= Abdallah Banda =

Sudanese rebel leader

Abdallah Banda Abakaer Nourain (عبد الله باندا أباكر نورين; born c. 1963), commonly referred to as Abdallah Banda (عبد الله باندا), is a Sudanese militant who was the Commander-in-Chief of the Justice and Equality Movement (JEM) Collective-Leadership, one of the components of the United Resistance Front. He was wanted for trial before the International Criminal Court for three counts of war crimes allegedly committed during the Haskanita raids against African Union peacekeepers within the context of the Darfur conflict in Sudan. The war crimes charges were dropped in July 2026 due to insufficient evidence.

== Birth and ethnicity ==
According to information from the International Criminal Court, Abdallah Banda was born in or around 1963 in Wai, Dar Kobe, North Darfur. He is a member of the Zaghawa tribe.

== Haskanita raids ==

On the evening of 29 September 2007, groups led by Banda and Jerbo are alleged to have attacked African Union Mission in Sudan (AMIS) soldiers at the Haskanita Military Group Site in Umm Kadada in North Darfur. A total of 12 AMIS peace keepers were killed.

== ICC proceedings ==
After the Darfur situation was referred to the ICC by the United Nations Security Council through its Resolution 1593 on 31 March 2005 the Darfur conflict has been under the jurisdiction of the ICC. The Prosecutor of the Court opened an investigation on 6 June 2005.
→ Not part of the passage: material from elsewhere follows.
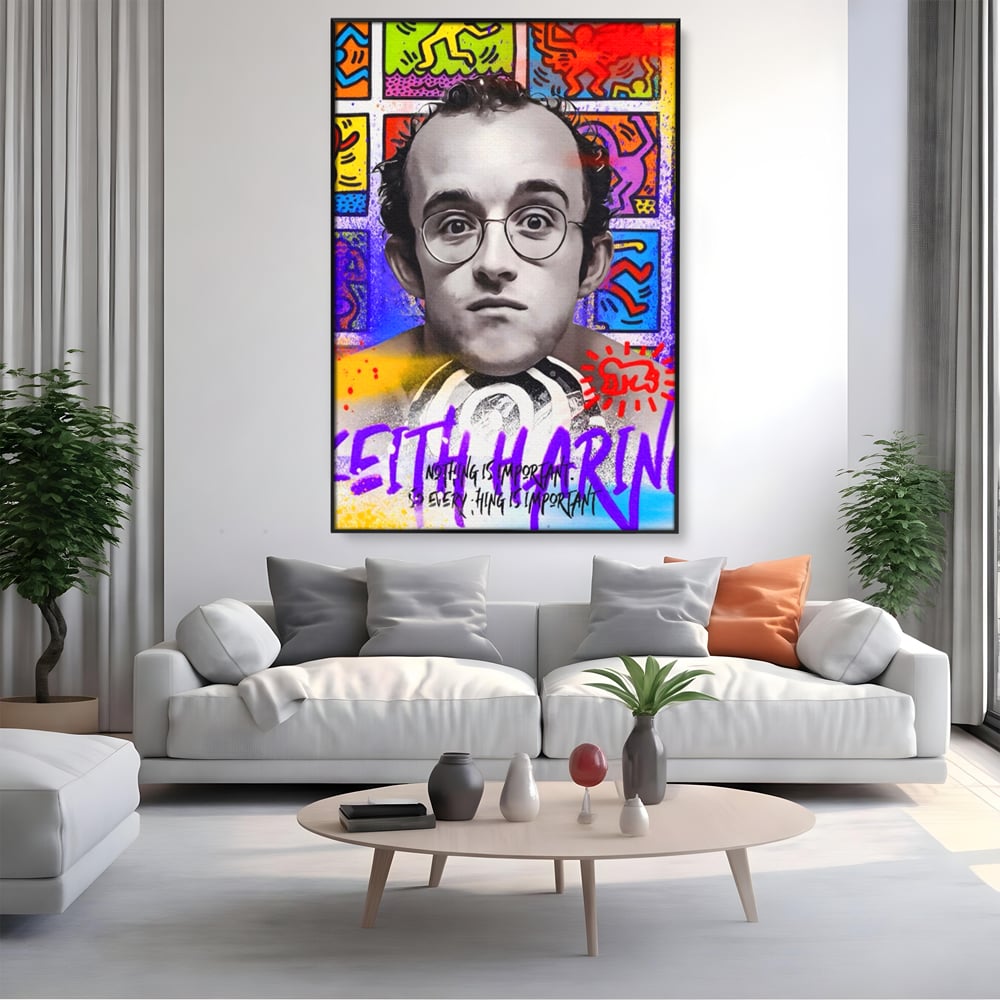 Tablou canvas cu tablou canvas cu portret alb negru si grafica keith haring, in rama de aluminiu negru, pe perete intr-un living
On 27 August 2009, summons to appear were issued against Banda and Jerbo under seal. They were unsealed on 15 June 2010, immediately before the two suspects' voluntary initial appearance before the Court. They were charged with three counts of war crimes: violence to life, pillaging and attacking peacekeepers.

After the confirmation of charges hearing on 8 December 2010, the charges were confirmed and the suspects committed to trial on 7 March 2011.

The ICC issued an arrest warrant in September 2014. His trial was indefinitely postponed while waiting for his arrest. As of June 2019, Banda remained at large.

In July 2026, the ICC dropped its war crimes proceedings against Banda after prosecutors determined that "[t]here are no longer substantial ⁠grounds to believe that Mr Banda is responsible for the charged crimes" and withdrew the charges.